In 1987 Rowe had a sister school relationship with Drewsey School in Harney County, Oregon. The sister school relationship was established because two teachers, one in each school, were sisters. The sisters wanted rural and urban students to understand one another, and sought approval from the respective boards of trustees.

===High schools (9-12)===

| Name | Location | Opened | Mascot | Colors | Students |
|---|---|---|---|---|---|
| Adrienne C. Nelson High School | Damascus | 2021 | Hawk | Black/White | 1,104 |
| Clackamas High School | Clackamas | 1957 | Cavalier | Red/Black | 1,535 |
| Milwaukie High School | Milwaukie | 1907 | Mustang | Maroon/Gold | 1,217* |
| Milwaukie Academy of the Arts | Milwaukie | 2007 | Mustang | Purple/Yellow | N/A |
| New Urban High School | Oak Grove | 2003 | Phoenix | Purple/Red | 61 |
| Rex Putnam High School | Oak Grove | 1963 | Kingsmen | Green/Yellow | 1,162 |

====Professional technical center====
- Sabin-Schellenberg Center

====High school programs====
- PACE (Parenting, Academics, Careers & Employment)

===Charter schools===
- Cascade Heights Public Charter School (K-8)
- Clackamas Middle College (9-12)
- Clackamas Web Academy (1-12)
- Milwaukie Academy of the Arts (9-12)
- New Urban High School (9-12)

===Closed schools===
- Milwaukie Junior High School (closed 2008)
- John McLoughlin Middle School (closed 2003) - Building now houses the Sabin-Schellenberg Professional Technical Center (South Campus)
- Wichita Elementary School (closed 2010)
- Sunrise Middle School (Closed 2010)
- Campbell Elementary School (closed 2011)
- Clackamas Elementary School (closed 2011)
- Concord Elementary School (closed 2014)

==School Board==
The North Clackamas School District Board of Directors consists of seven local citizens, elected at large for four-year terms.

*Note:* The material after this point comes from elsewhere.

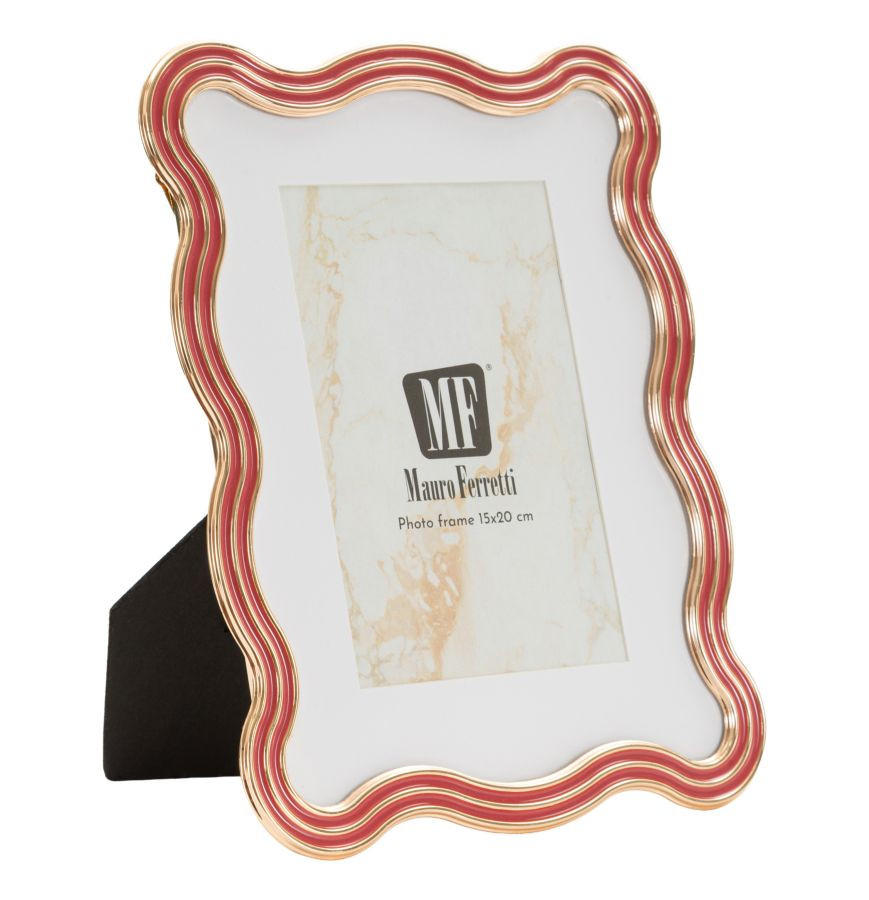 BILDERRAHMEN Elizabeth, Fotoformat 15 x 20 cm, rot und goldfarben, Zink und Glas, Rahmen 17,5 x 1,3 x 22,5 cm - Rot/Goldfarben, Glas/Metall (17.5/22.5/1.3cm) - Mauro Ferretti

The board's responsibility is to represent the community in giving direction and developing policies for the operation of the district, establishing educational goals and objectives, adopting a budget to carry out the programs of the district, and evaluating the programs of the district. The District Superintendent is Dr. Shay James.

The current board of directors consists of:

| Position | Name | Term ends |
|---|---|---|
| 1 | Paul Kemp | 2027 |
| 2 | Jena Beneloga | 2027 |
| 3 | Glenn Wachter | 2027 |
| 4 | Tory McVay | 2029 |
| 5 | Samantha Tamtreng | 2029 |
| 6 | April Olson | 2029 |
| 7 | April Dobson | 2027 |

===Controversy===
In late 2022, following disruptions of a board meeting by parents claiming reverse discrimination and accusing the district having a pro-LGBTQ bias, meetings were moved online. Board member at the time Libra Forde stated that many parents no longer felt safe attending the meetings in person.